Whitelabelling with Custom OAuth apps
When building integrations with Tray's API, you will need to authenticate your End Users with the service connectors involved.
This can be done by:
- Importing existing authentications (using the Create User authentication (user token) endpoint)
- Prompting End Users to create new authentications with the auth-only dialog
By default the auth-only dialog URL will begin with:
-
https://embedded.tray.io
(US region) -
https://embedded.eu1.tray.io
(EU region)
With our whitelabelling option you can use a wildcarded domain:
-
*.integration-authentication.com
(US region) -
*.eu1.integration-authentication.com
(EU region)
Creating Custom OAuth apps
In order to create a Custom OAuth app you will have to:
- Create it in the 3rd-party UI (Salesforce, Mailchimp, Zendesk etc.)
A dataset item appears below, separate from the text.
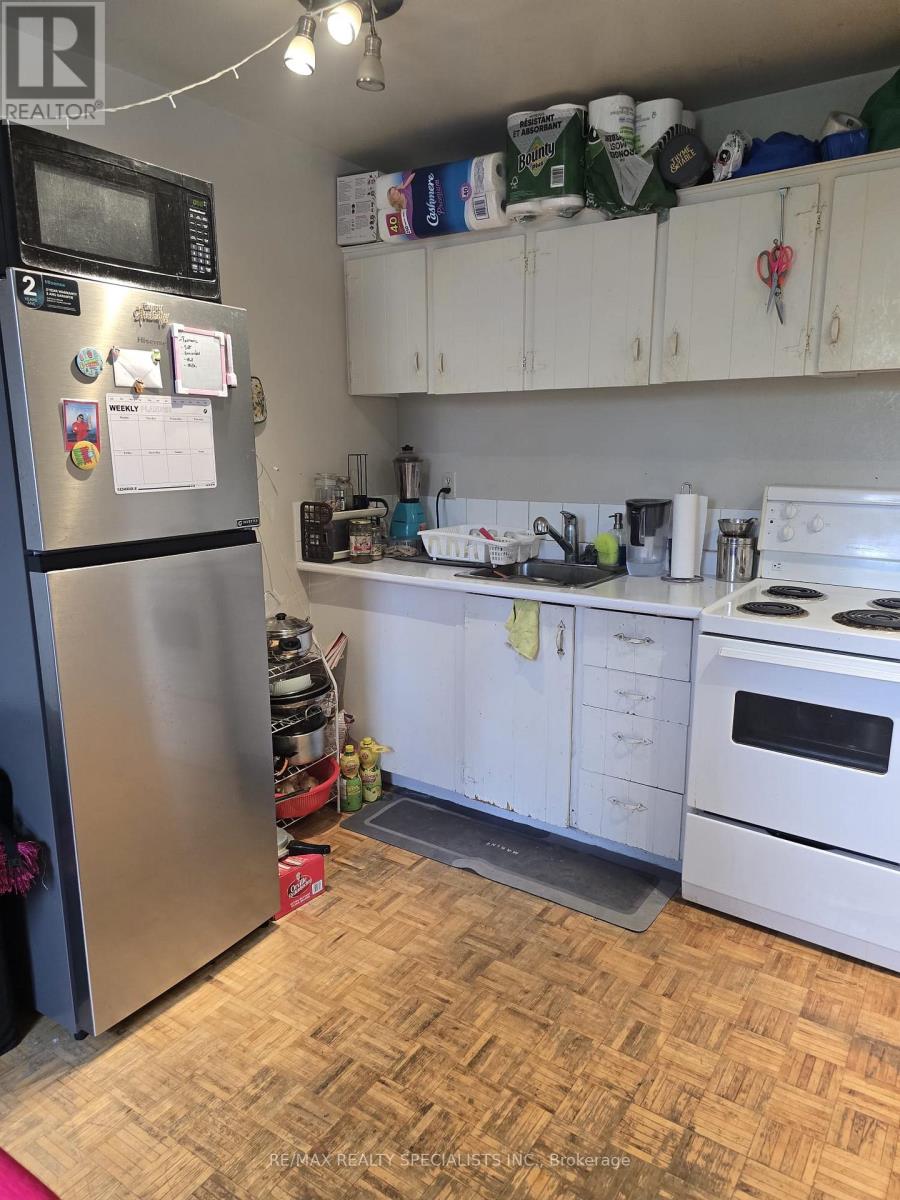 305 - 1087 Bloor Street W, Toronto, Ontario  M6H 1M5 - Photo 2 - C13844362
- Log in to the Tray builder at https://app.tray.io/ to set up your app as a 'Service Environment' for the service connector in question
A detailed breakdown of the steps involved in creating a Custom OAuth app is:
1 - Create an OAuth app in the 3rd party UI
Create the OAuth app (in e.g. Salesforce, Mailchimp, Zendesk etc.):
- Give it a name
- Include your company logo
-
Set the main redirect / callback url to the default -
https://auth.tray.io/oauth2/token
(US) orhttps://auth.eu1.tray.io/oauth2/token
(EU) -
Set a second redirect / callback url as e.g.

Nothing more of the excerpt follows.